Document databases usually store <abbr title="JavaScript Object Notation">JSON</abbr> objects (as their "documents") to provide a schemaless persistence of data; they also provide fault-tolerant ways to query that possibly-unstructured data. [MongoDB][] was the pioneer and is the leader in this space, but there are several who provide their own take on it, and their own programming <abbr title="Application Programming Interface">API</abbr> to come along with it. They also usually have some sort of clustering, replication, and sharding solution that allows them to be scaled out (horizontally) to handle a large amount of traffic.
As a mature relational database, PostgreSQL has a long history of robust data access from the .NET environment; Npgsql is actively developed, and provides both ADO.NET and <abbr title="Entity Framework">EF</abbr> Core APIs. PostgreSQL also has well-established, battle-tested horizontal scaling options. Additionally, the [Npgsql.FSharp][] project provides a functional API over Npgsql's ADO.NET data access. These three factors make PostgreSQL an excellent choice for document storage, and its relational nature can help in areas where traditional document databases become more complex.
SQLite is another mature relational database implemented as a single file, with its access run in-process with the calling application. It works very nicely on its own, with caching and write-ahead logging options; a companion project called [Litestream][] allows these files to be continuously streamed elsewhere, providing point-in-time recovery capabilities one would expect from a relational database.

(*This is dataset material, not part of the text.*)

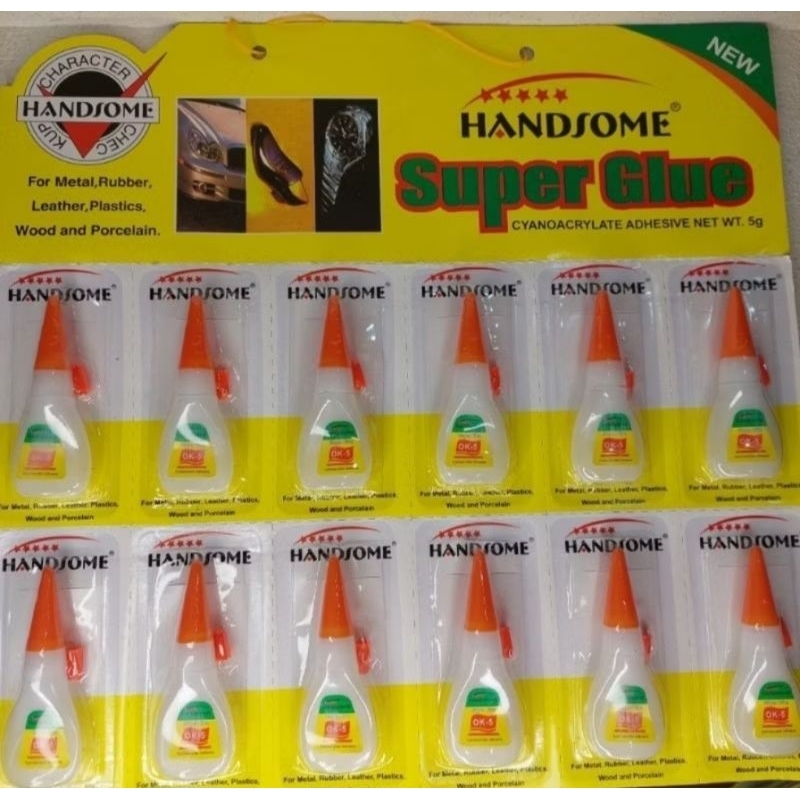 

Lem super Glue Handsome botol/perenceng isi 12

Microsoft provides ADO.NET (and EF Core) drivers for SQLite as part of .NET. These combine to make SQLite a compelling choice, and the hybrid relational/document model allows users to select the model of data that fits their model the best.
In both cases, the document access functions provided by this library are dead-simple. For more complex queries, it also provides the building blocks to construct these with minimal code.

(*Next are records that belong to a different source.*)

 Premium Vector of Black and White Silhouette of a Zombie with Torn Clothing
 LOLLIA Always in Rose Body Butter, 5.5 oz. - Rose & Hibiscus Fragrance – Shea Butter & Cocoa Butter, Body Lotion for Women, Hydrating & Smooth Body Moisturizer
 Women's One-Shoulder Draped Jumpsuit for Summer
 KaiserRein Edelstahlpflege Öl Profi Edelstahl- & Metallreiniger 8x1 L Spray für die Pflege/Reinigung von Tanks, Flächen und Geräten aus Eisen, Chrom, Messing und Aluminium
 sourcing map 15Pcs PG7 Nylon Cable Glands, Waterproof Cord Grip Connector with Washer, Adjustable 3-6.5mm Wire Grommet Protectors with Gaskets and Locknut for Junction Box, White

## Why Not [something else]?
We are blessed to live in a time where there are a lot of good data storage options that are more than efficient enough for the majority of use cases. Rather than speaking ill of other projects, here is the vision of the benefits these libraries aim to provide:
### PostgreSQL
PostgreSQL is the most popular non-WordPress database for good reason.

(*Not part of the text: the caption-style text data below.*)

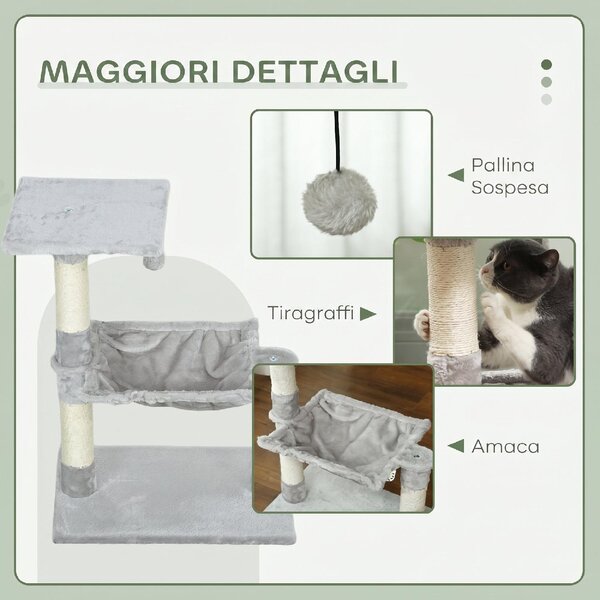 AllMyPets Albero Tiragraffi per Gatti Multilivello con Amaca e Pallina Appesa in Legno e Peluche 50x36x70 cm colore Grigio Chiaro
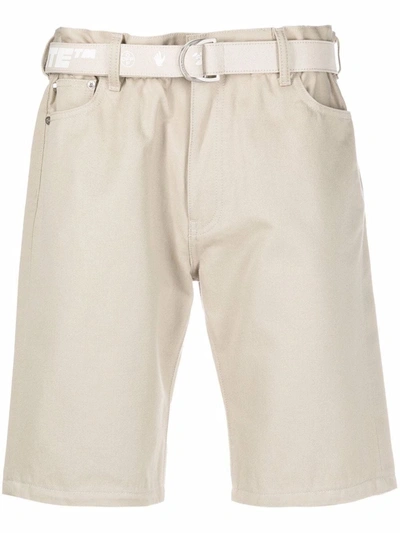 Shop Off-white Beige Low Crotch Belted Shorts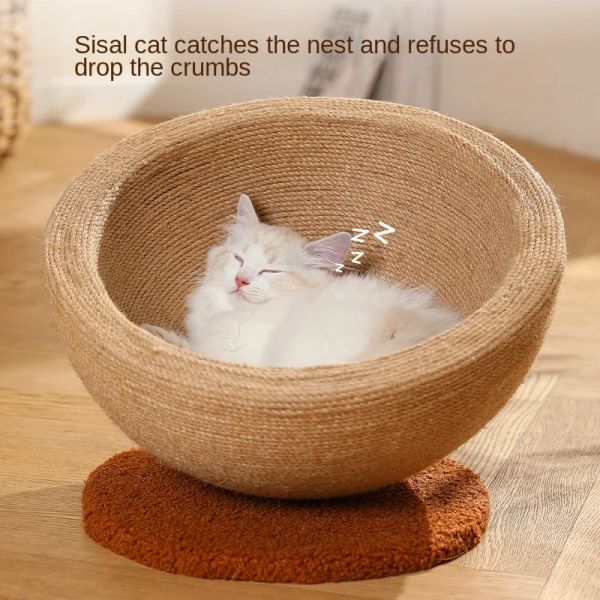 Planche à gratter pour nid de chat, jouets intégrés pour chat, sisal naturel, chanvre, planche à saisir, griffe de meulage, balle de saisie, jeu de nid pour animaux de compagnie, accessoires de jouets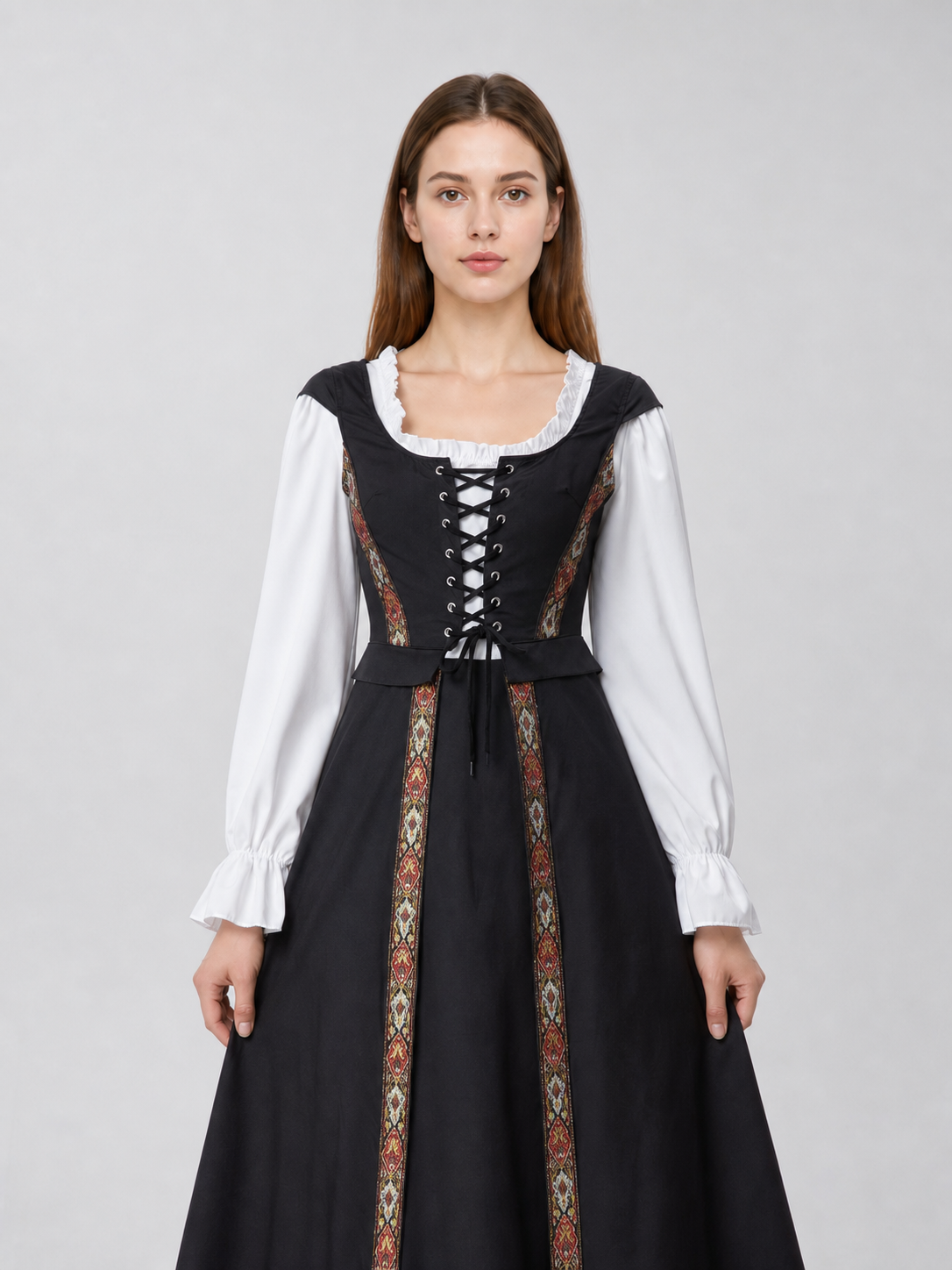 Historical Costume with Lacing and Colorful Trim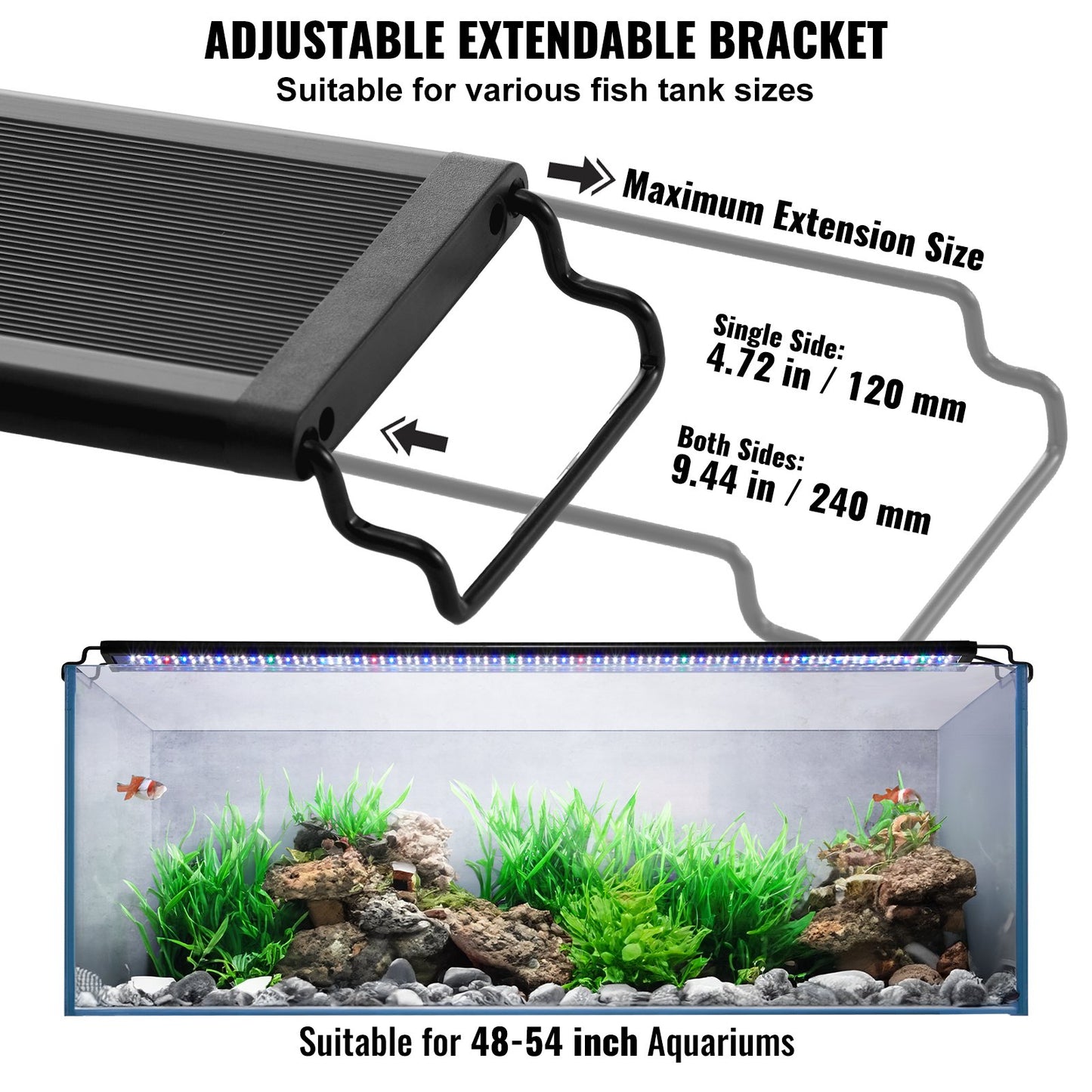 VEVOR Aquarium Light, 48W Full Spectrum Fish Tank Light with 24/7 Natural Mode, Adjustable Timer & 5-Level Brightness, with Aluminum Alloy Shell Extendable Brackets for 48"-54" Freshwater Planted Tank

- **Quality** - PostgreSQL's reputation is one of a rock-solid, well-maintained, and continually evolving database.
- **Availability** - Nearly every cloud database provider offers PostgreSQL, and for custom servers, it is a package install away from being up and running.
- **Efficiency** - PostgreSQL is very efficient, and its indexing of JSONB allows for quick access via any field in a document.
- **Maintainability** - The terms "separation of concerns" and "locality of behavior" often compete within a code base, and separation of concerns often wins out; cluttering your logic with SQL can be less than optimal. Using this library, though, it may separate the concerns enough that the calls can be placed directly in the regular logic, providing one fewer place that must be looked up when tracing through the code.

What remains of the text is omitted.